Data:
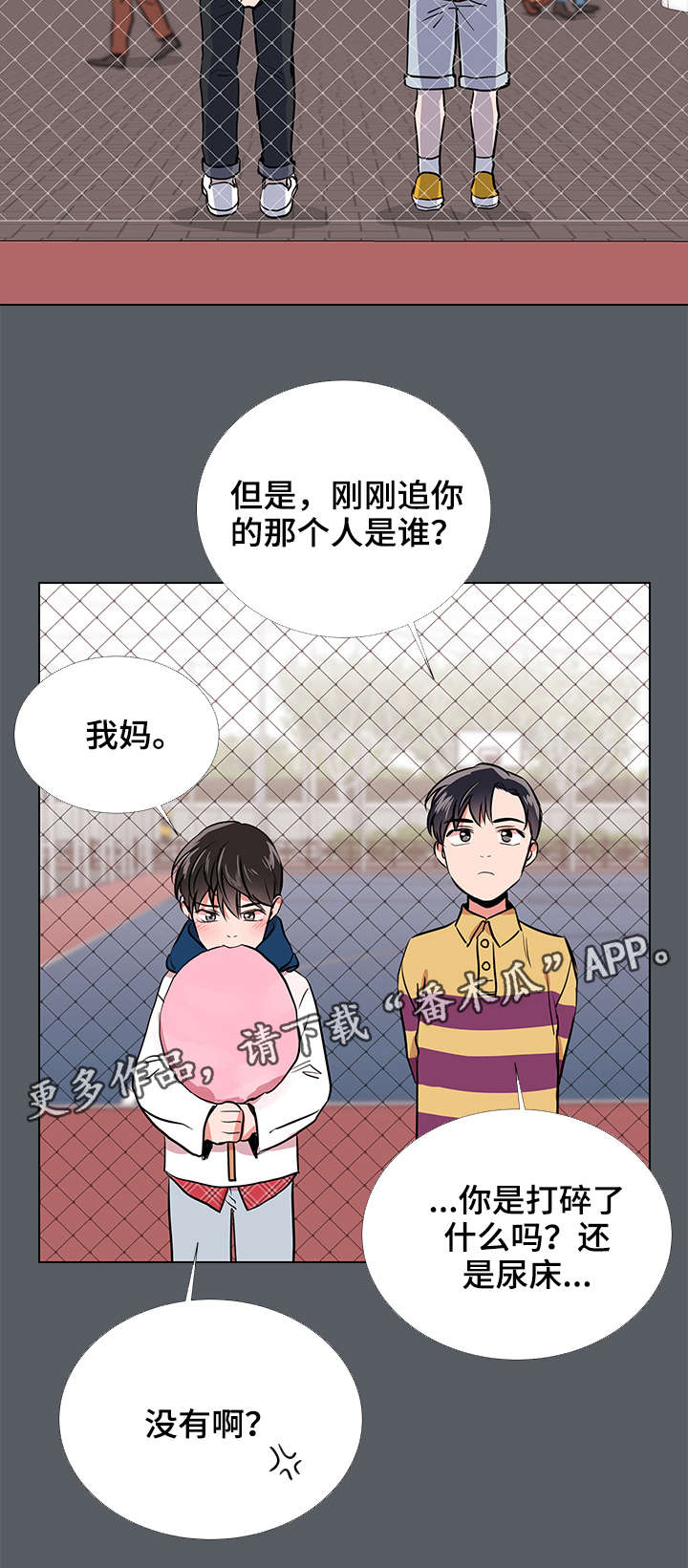 第59章：梦1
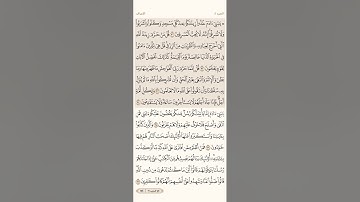 صفحة ( 154 ) #سورة_الأعراف مكتوبة مكررة بصوت #احمد_العجمي #الجزء_الثامن #قرآن #تلاوات #quranic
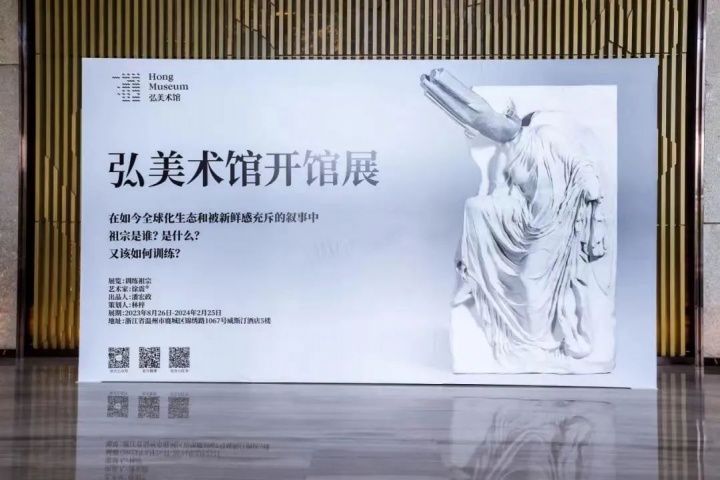位于温州威斯汀酒店一楼大堂的美术馆开馆展展板
位于温州威斯汀酒店一楼大堂的美术馆开馆展展板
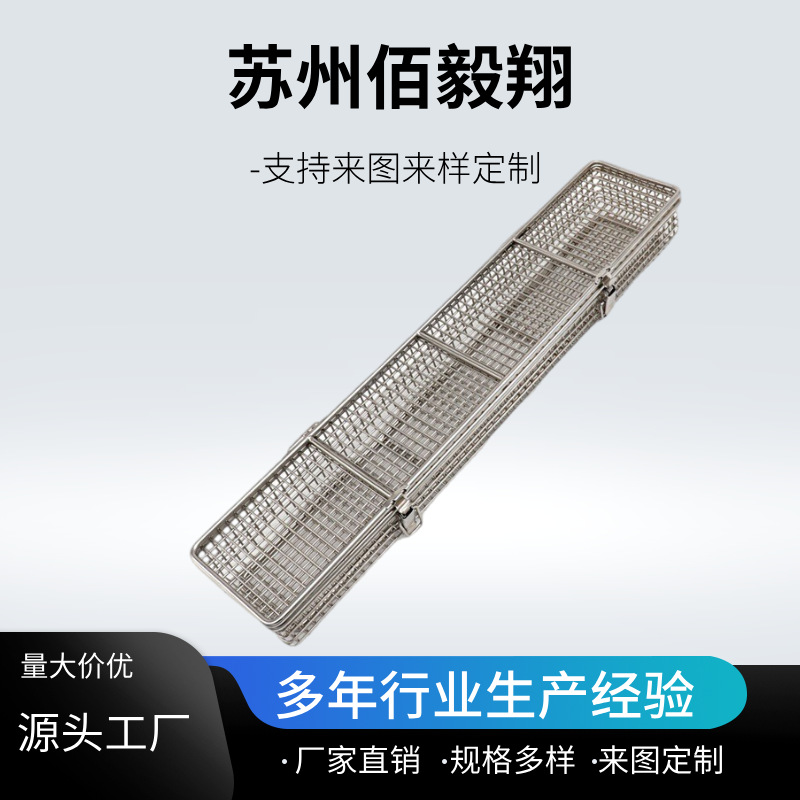 供应长方形不锈钢网盘加工异形水瓶架工厂200目编织网过滤网筐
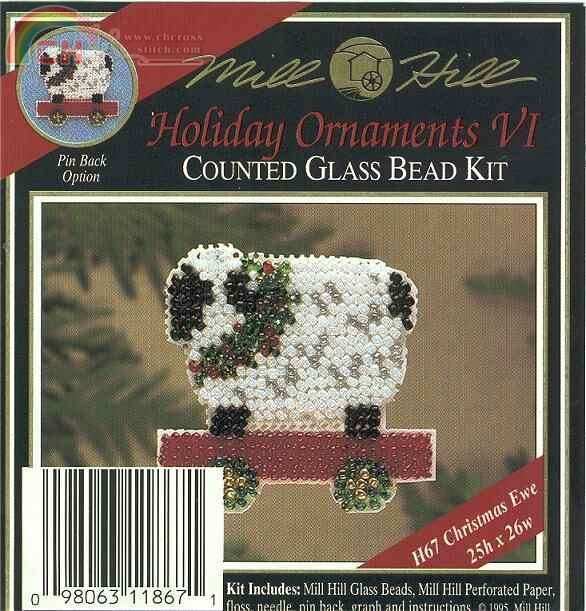 ChristmasEweMHpic.jpg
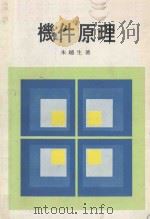 机件原理 1979 PDF电子版封面 朱越生著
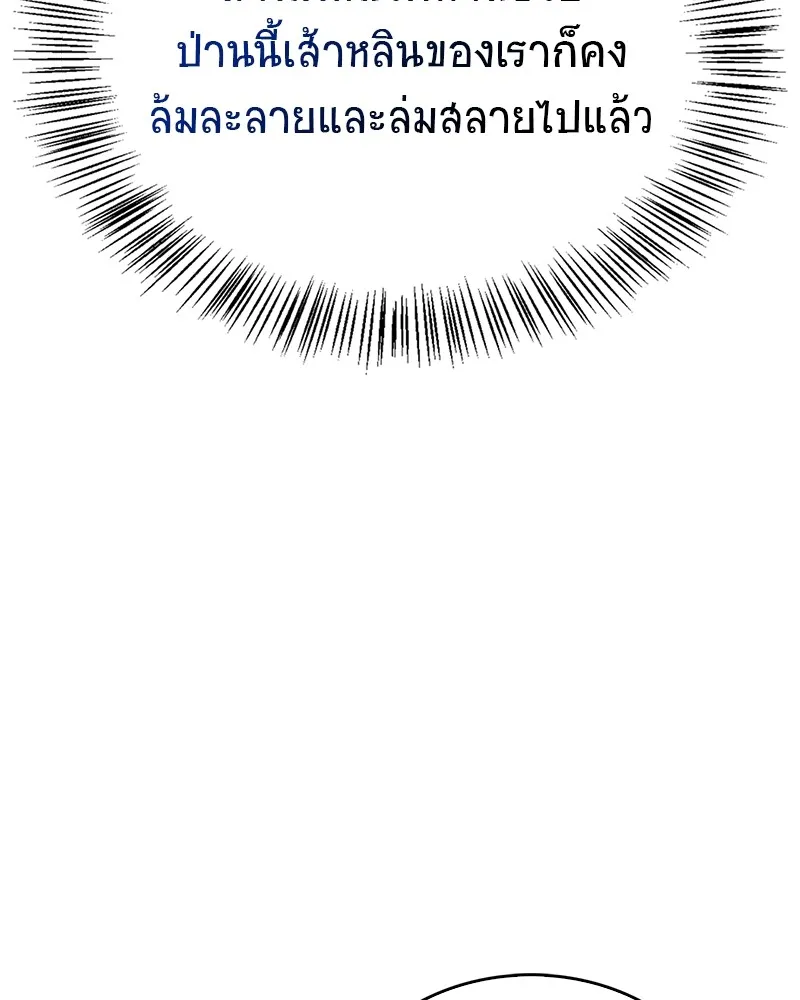 หน้า 119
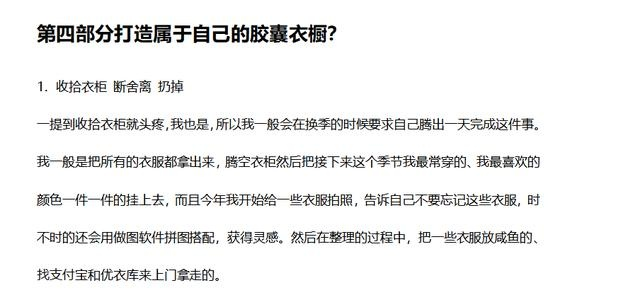百变衣柜搭配崩溃？2026新季度3套T0级万能公式+隐藏属性拆解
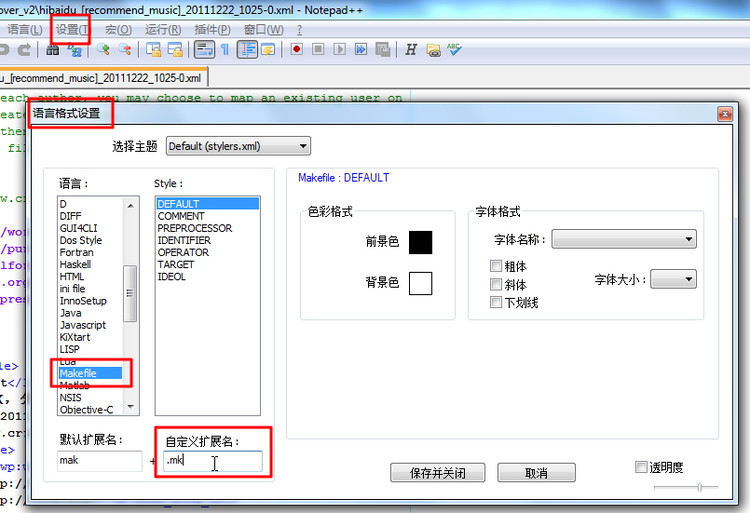 Notepad++ V8.4.4 中文免费版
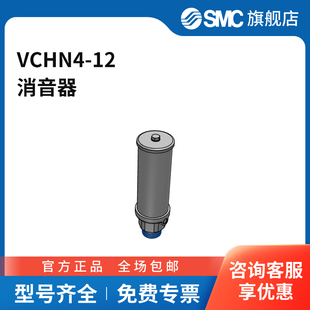 SMC官方正品 消音器VCHN4 12外螺纹Rc1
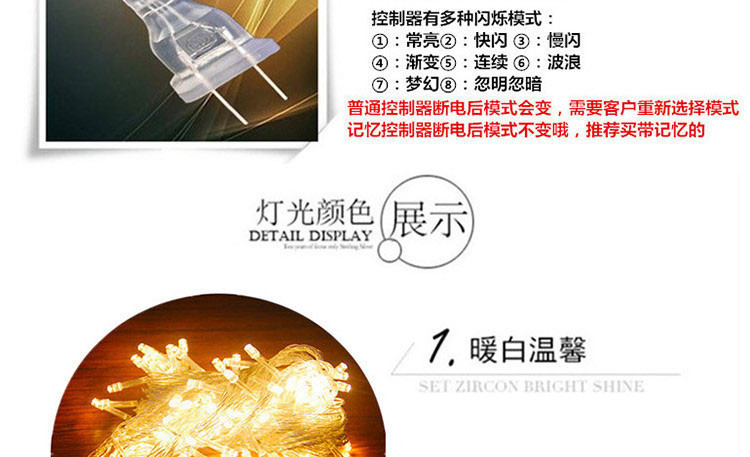 Manufacturers direct sale LED Christmas lights string full star flashing holiday decoration shopping mall outdoor lights Manufacturers direct sale LED Christmas lights string full star flashing holiday decoration shopping mall outdoor lights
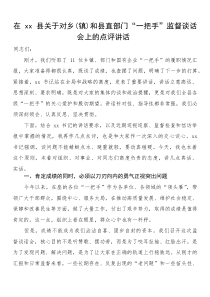 在XX县关于对乡(镇)和县直部门“一把手”监督谈话会上的点评讲话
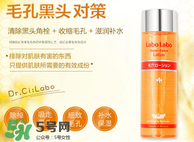 城野醫(yī)生敷完后要洗嗎 城野醫(yī)生敷完要洗掉嗎 城野醫(yī)生敷完后要洗嗎 城野醫(yī)生敷完要洗掉嗎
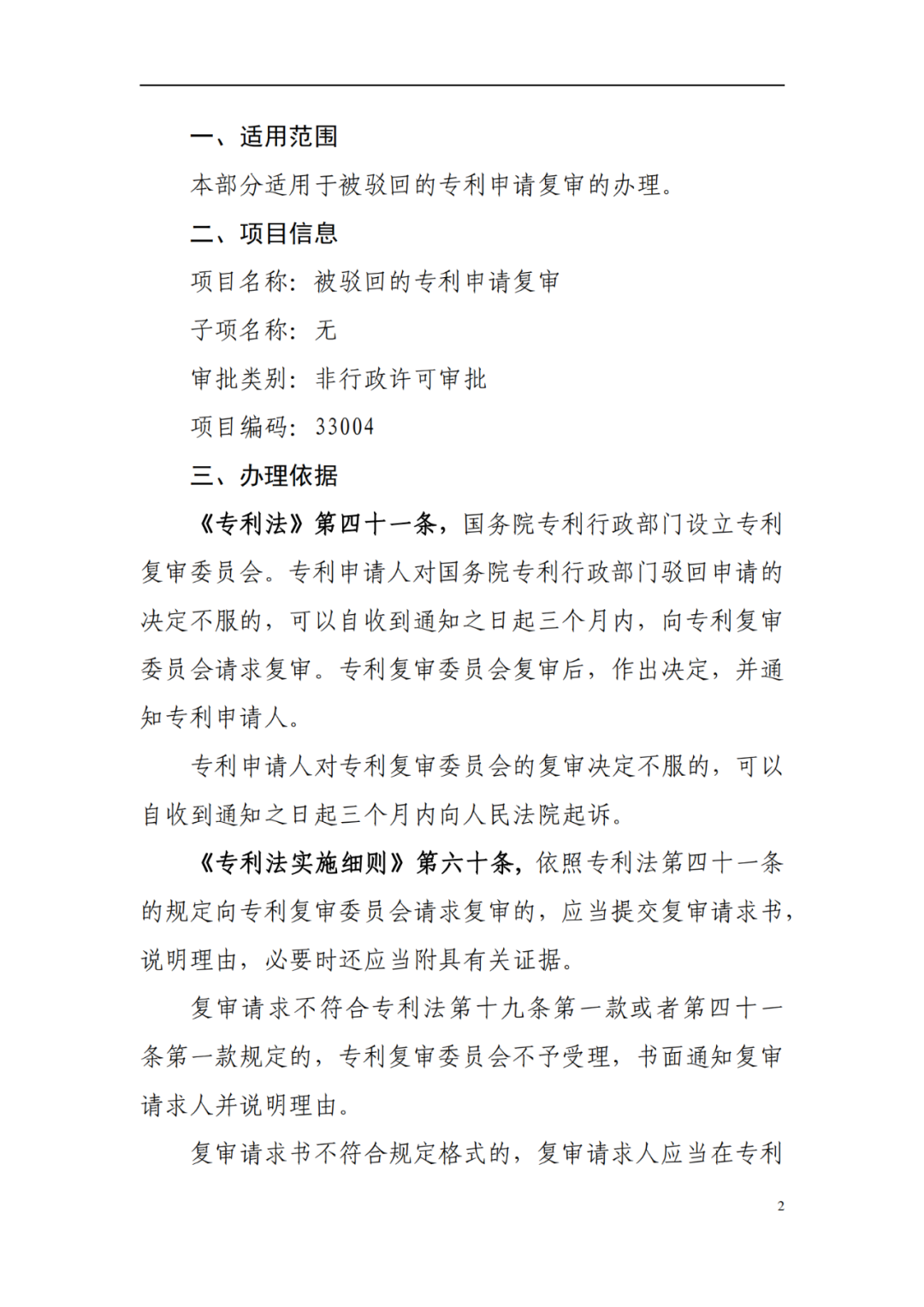 最新！2022年版專利權(quán)無效宣告/申請復(fù)審/集成電路等辦事指南發(fā)布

Work to be completed:
Omit the pictures; print the records above exactly.

Expected answer:
 第59章：梦1
 صفحة ( 154 ) #سورة_الأعراف مكتوبة مكررة بصوت #احمد_العجمي #الجزء_الثامن #قرآن #تلاوات #quranic
位于温州威斯汀酒店一楼大堂的美术馆开馆展展板
位于温州威斯汀酒店一楼大堂的美术馆开馆展展板
 供应长方形不锈钢网盘加工异形水瓶架工厂200目编织网过滤网筐
 ChristmasEweMHpic.jpg
 机件原理 1979 PDF电子版封面 朱越生著
 หน้า 119
百变衣柜搭配崩溃？2026新季度3套T0级万能公式+隐藏属性拆解
 Notepad++ V8.4.4 中文免费版
 SMC官方正品 消音器VCHN4 12外螺纹Rc1
 Manufacturers direct sale LED Christmas lights string full star flashing holiday decoration shopping mall outdoor lights Manufacturers direct sale LED Christmas lights string full star flashing holiday decoration shopping mall outdoor lights
 在XX县关于对乡(镇)和县直部门“一把手”监督谈话会上的点评讲话
 城野醫(yī)生敷完后要洗嗎 城野醫(yī)生敷完要洗掉嗎 城野醫(yī)生敷完后要洗嗎 城野醫(yī)生敷完要洗掉嗎
 最新！2022年版專利權(quán)無效宣告/申請復(fù)審/集成電路等辦事指南發(fā)布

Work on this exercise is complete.